FILED
United States Court of Appeals
Tenth Circuit
March 2, 2009
UNITED STATES COURT OF APPEALS Elisabeth A. Shumaker
Clerk of Court
FOR THE TENTH CIRCUIT
In re:
CHARLES DAVID TOLLEFSEN,
a/k/a Chuck Tollefsen,
Debtor.
No. 08-5059
(BAP No. NO-07-057)
CHARLES DAVID TOLLEFSEN, (BAP)
Appellant,
v.
US BANK NATIONAL
ASSOCIATION; STEPHANIE
JOHNSON,
Appellees.
ORDER AND JUDGMENT *
Before McCONNELL, McKAY, and GORSUCH, Circuit Judges.
*
After examining the briefs and appellate record, this panel has determined
unanimously that oral argument would not materially assist the determination of
this appeal. See Fed. R. App. P. 34(a)(2); 10th Cir. R. 34.1(G). The case is
therefore ordered submitted without oral argument. This order and judgment is
not binding precedent, except under the doctrines of law of the case, res judicata,
and collateral estoppel. It may be cited, however, for its persuasive value
consistent with Fed. R. App. P. 32.1 and 10th Cir. R. 32.1.

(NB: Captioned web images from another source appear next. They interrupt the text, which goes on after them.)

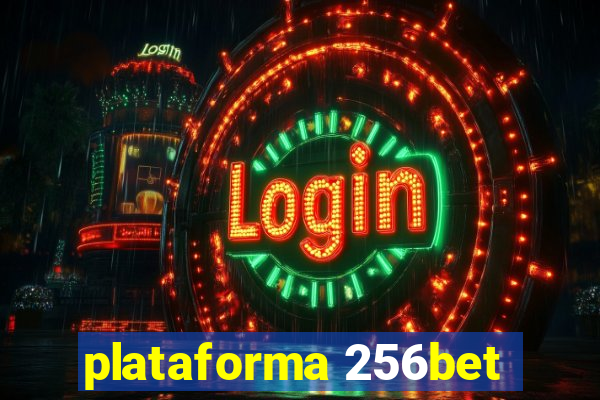 plataforma 256bet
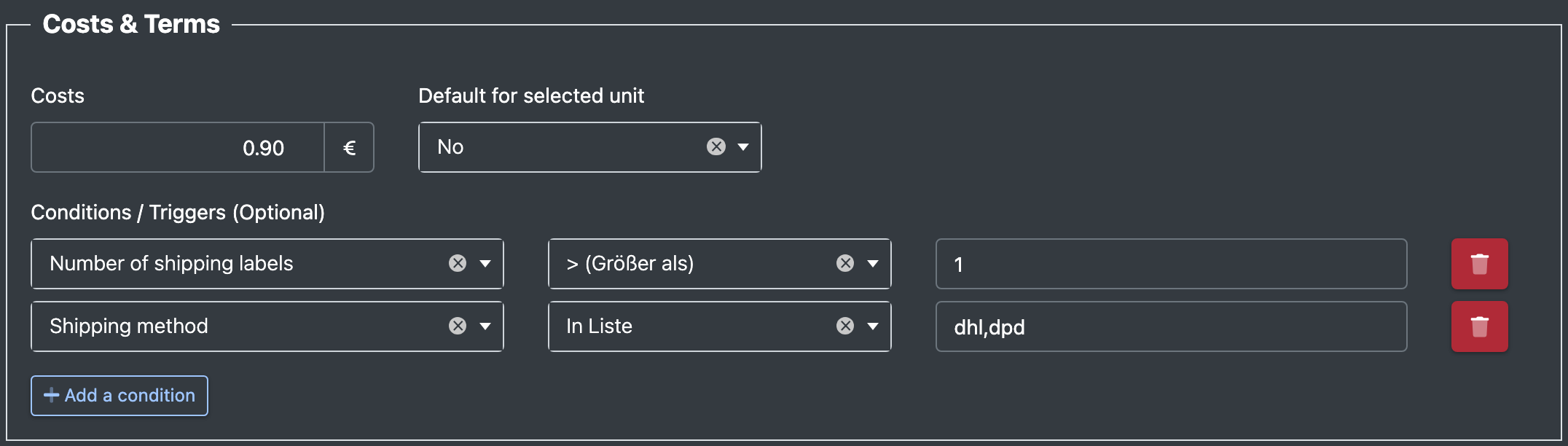 Screenshot: Section "Costs & Terms" with Costs and two conditions (Number of shipping labels, Shipping method)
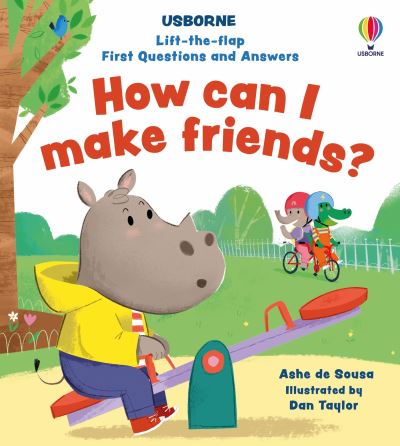 Cover for Ashe de Sousa · Lift-the-flap First Questions and Answers How can I make friends? - First Questions and Answers (Board book) (2025)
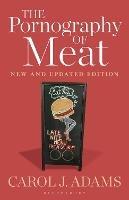 The Pornography of Meat: New and Updated Edition - Carol J. Adams - cover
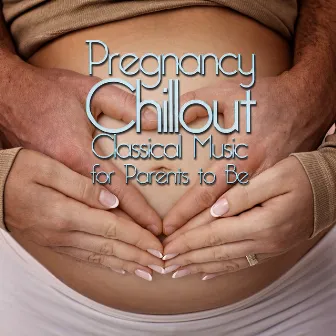 Pregnancy Chillout: Classical Music for Parents to Be by Fou Ts'ong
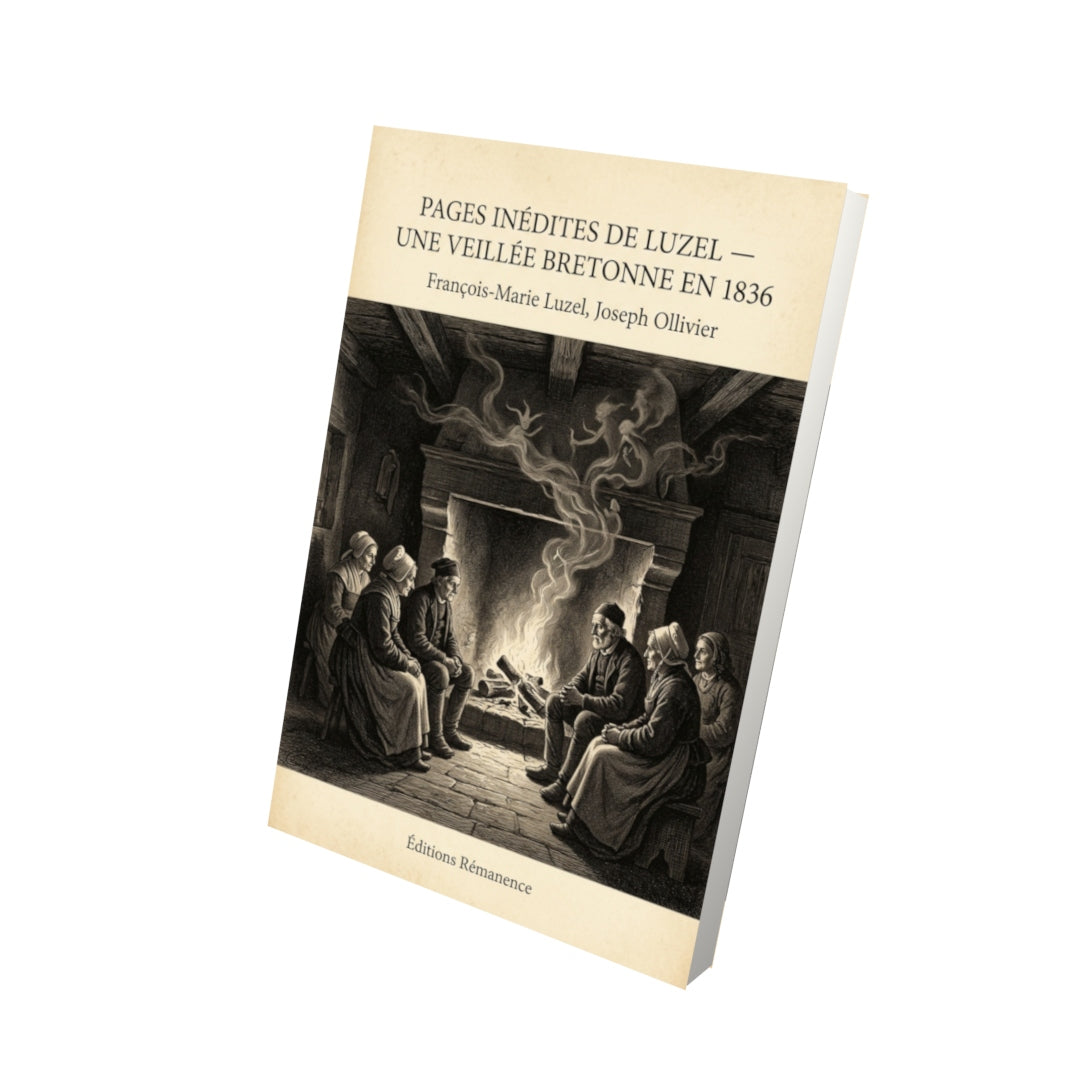 Livre Pages inédites de Luzel — Une veillée bretonne en 1836 par François-Marie Luzel, Joseph Ollivier - Vue 3D - Editions Remanence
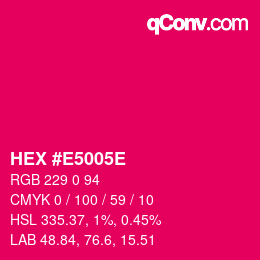 Color code: HEX #E5005E | qconv.com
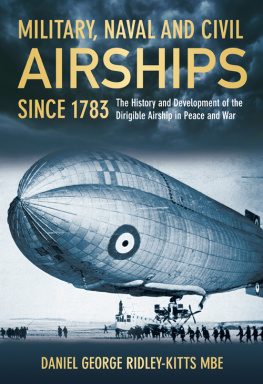 Daniel G. Ridley-Kitts - Military, Naval and Civil Airships Since 1783: The History and Development of the Dirigible Airship in Peace and War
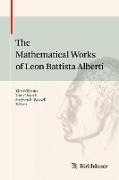 The Mathematical Works of Leon Battista Alberti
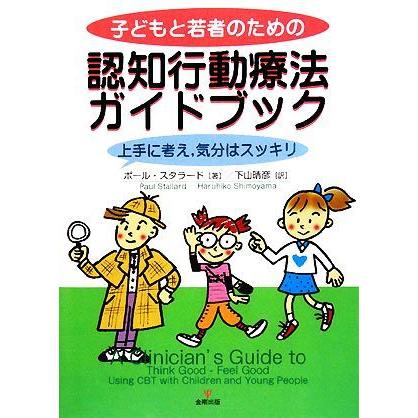 子どもと若者のための認知行動療法ガイドブック 上手に考え、気分はスッキリ／ポールスタラード【著】，下山晴彦【訳】｜bookoffonline2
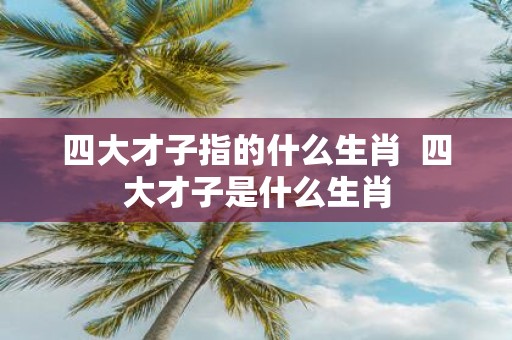 四大才子指的什么生肖 四大才子是什么生肖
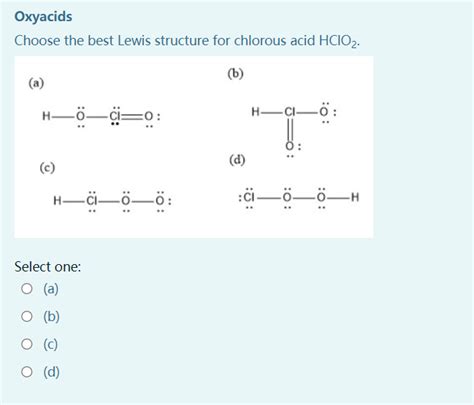 oxyacids choose the best lewis structure for chlorous acid hclo2 b a h0 c0 h c - StudyX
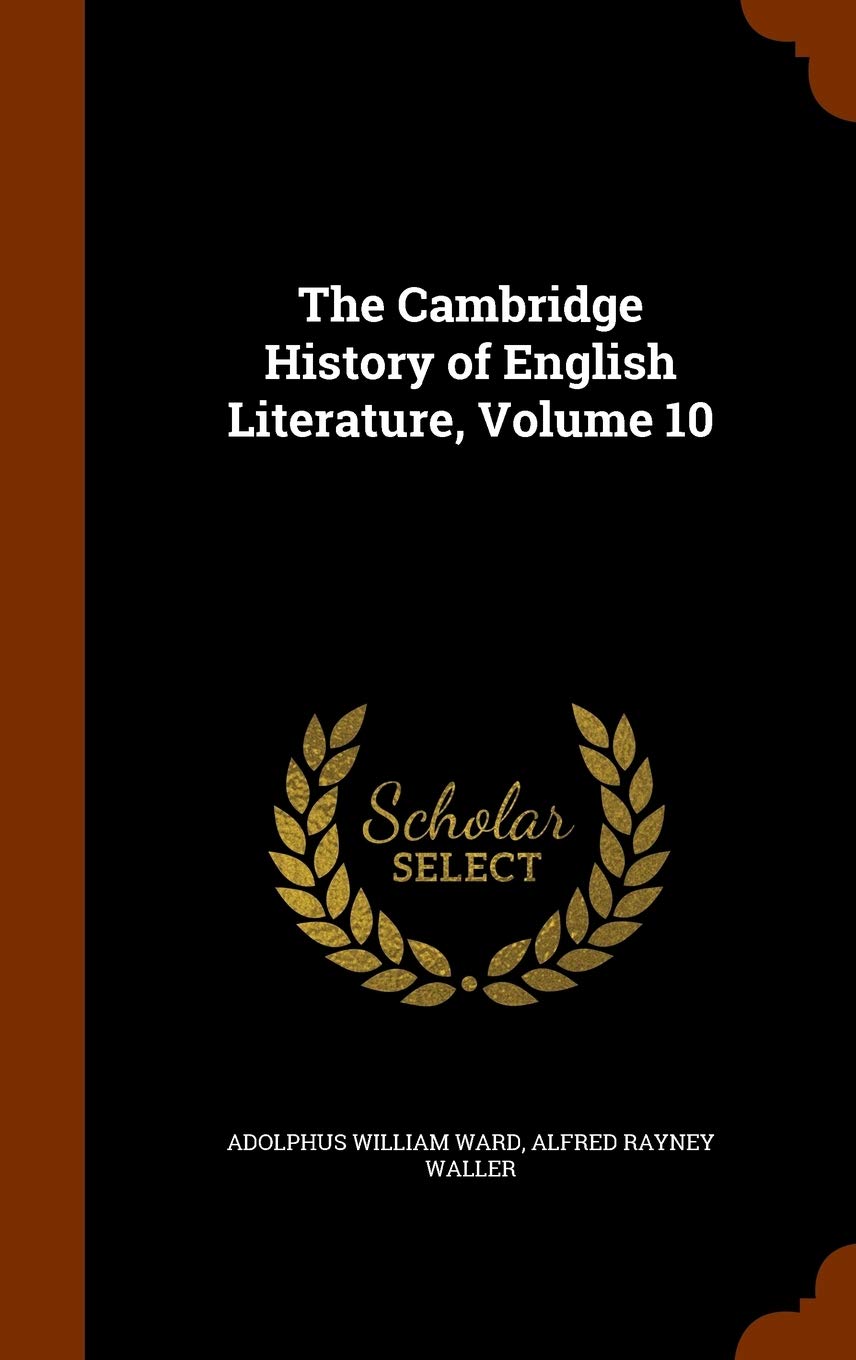 The Cambridge History of English Literature, Volume 10 book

Charles David Tollefsen, proceeding pro se, appeals a decision of the Tenth
Circuit Bankruptcy Appellate Panel (“BAP”). We affirm.
Mr. Tollefsen filed the Chapter 13 bankruptcy case underlying this appeal
on February 20, 2007, listing as a creditor U.S. Bank, which holds the mortgage
to his home. U.S. Bank promptly moved to dismiss the case, arguing it was not
filed in good faith. After an evidentiary hearing, on May 4, 2007, the bankruptcy
court issued an oral ruling agreeing with the bank’s argument, concluding that
Mr. Tollefsen’s plan was not confirmable, and dismissing the case.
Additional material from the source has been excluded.